Begin by retrieving the file URL with hf_hub_url(), and then pass the specified URL to cached_download() to download the file:

>>> from huggingface_hub import hf_hub_url, cached_download
>>> config_file_url = hf_hub_url("lysandre/arxiv-nlp", filename="config.json")
>>> cached_download(config_file_url)
'/home/lysandre/.cache/huggingface/hub/bc0e8cc2f8271b322304e8bb84b3b7580701d53a335ab2d75da19c249e2eeebb.066dae6fdb1e2b8cce60c35cc0f78ed1451d9b341c78de19f3ad469d10a8cbb1'

hf_hub_url() and cached_download() work hand-in-hand to download a file. This is such a standard workflow that hf_hub_download() is a wrapper that calls both of these functions.

>>> from huggingface_hub import hf_hub_download
>>> hf_hub_download(repo_id="lysandre/arxiv-nlp", filename="config.json")

Download an entire repository

snapshot_download() downloads an entire repository at a given revision. Like cached_download(), all downloaded files are cached on your local disk. However, even if only a single file is updated, the entire repository will be redownloaded.

Download a whole repository as shown in the following:

>>> from huggingface_hub import snapshot_download
>>> snapshot_download(repo_id="lysandre/arxiv-nlp")
'/home/lysandre/.cache/huggingface/hub/lysandre__arxiv-nlp.894a9adde21d9a3e3843e6d5aeaaf01875c7fade'

snapshot_download() downloads the latest revision by default. If you want a specific repository revision, use the revision parameter:

>>> from huggingface_hub import snapshot_download
>>> snapshot_download(repo_id="lysandre/arxiv-nlp", revision="main")

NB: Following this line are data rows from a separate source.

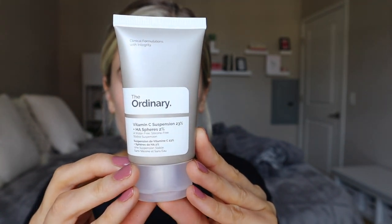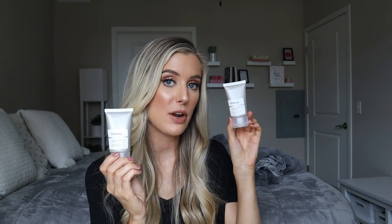So let's start off with their vitamin C suspension with hyaluronic acid spheres. This has one fluid ounce of product and retails for $5.80, which is so crazy and almost too good to be true. This has 23% vitamin C, and the form used is ascorbic acid. This vitamin C suspension definitely has more ingredients than their 30% suspension. We have hyaluronic acid within this formulation, as well as some other emollients that are going to help to soften and smooth the skin. The second ingredient is squalane, which is an antioxidant emollient that helps to soften, smooth, and hydrate the skin.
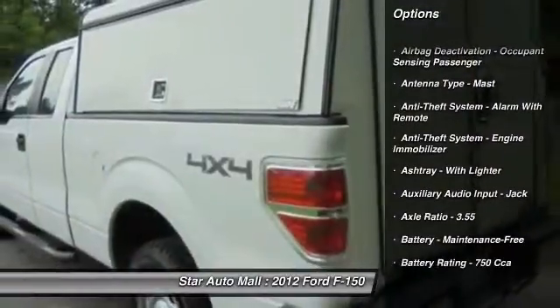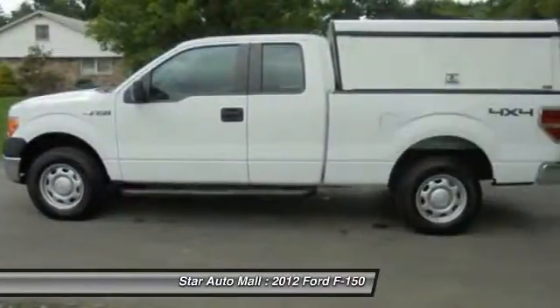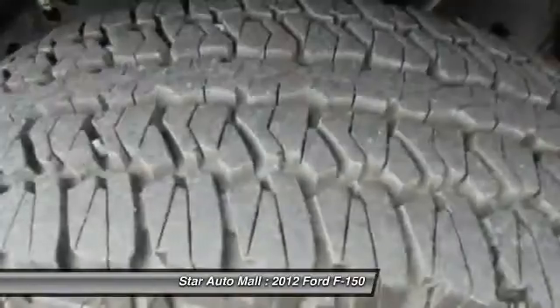Here are some of this vehicle's great options: stability control, front air conditioning, power steering, cruise control, AM-FM stereo radio, and fog lights.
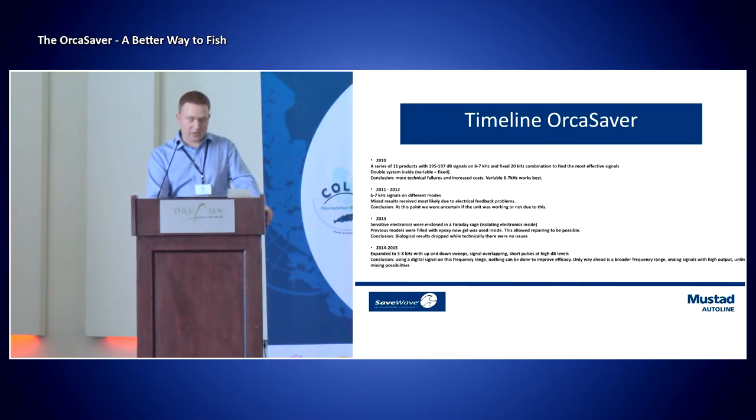Our conclusion — I just wanted to take you through what we've been through — but our conclusion today is pretty simple: that using digital signals on this frequency range, nothing could be done; we couldn't improve the efficacy. So we knew that the only way to move forward was that we needed a broader frequency range, we needed analog signals instead of digital, with high output and unlimited signal mixing possibilities.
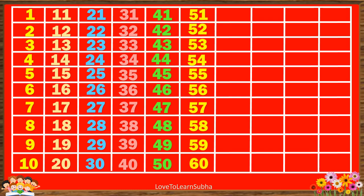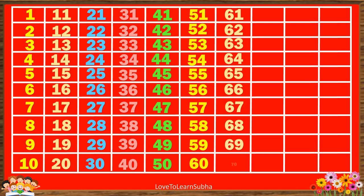60, 61, 62, 63, 64, 65, 66, 67, 68, 69, 70, 71, 72, 73, 74, 75, 76, 77, 78, 79.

In general, it is usually better to download files with hf_hub_download() - if you already know the file name - to avoid redownloading an entire repository. snapshot_download() is helpful when you are unaware of which files to download.

However, you don’t always want to download the contents of an entire repository with snapshot_download(). Even if you don’t know the file name, you can download specific files if you know the file type with allow_regex and ignore_regex. Use the allow_regex and ignore_regex arguments to specify which files to download. These parameters accept either a single regex or a list of regexes.

The regex matching is based on fnmatch, which provides support for Unix shell-style wildcards.

For example, you can use allow_regex to only download JSON configuration files:

>>> from huggingface_hub import snapshot_download
>>> snapshot_download(repo_id="lysandre/arxiv-nlp", allow_regex="*.json")

On the other hand, ignore_regex can exclude certain files from being downloaded. The following example ignores the .msgpack and .h5 file extensions:

>>> from huggingface_hub import snapshot_download
>>> snapshot_download(repo_id="lysandre/arxiv-nlp", ignore_regex=["*.msgpack", "*.h5"])

Passing a regex can be especially useful when repositories contain files that are never expected to be downloaded by snapshot_download().

Note that passing allow_regex or ignore_regex does not prevent snapshot_download() from redownloading the entire model repository if an ignored file is changed.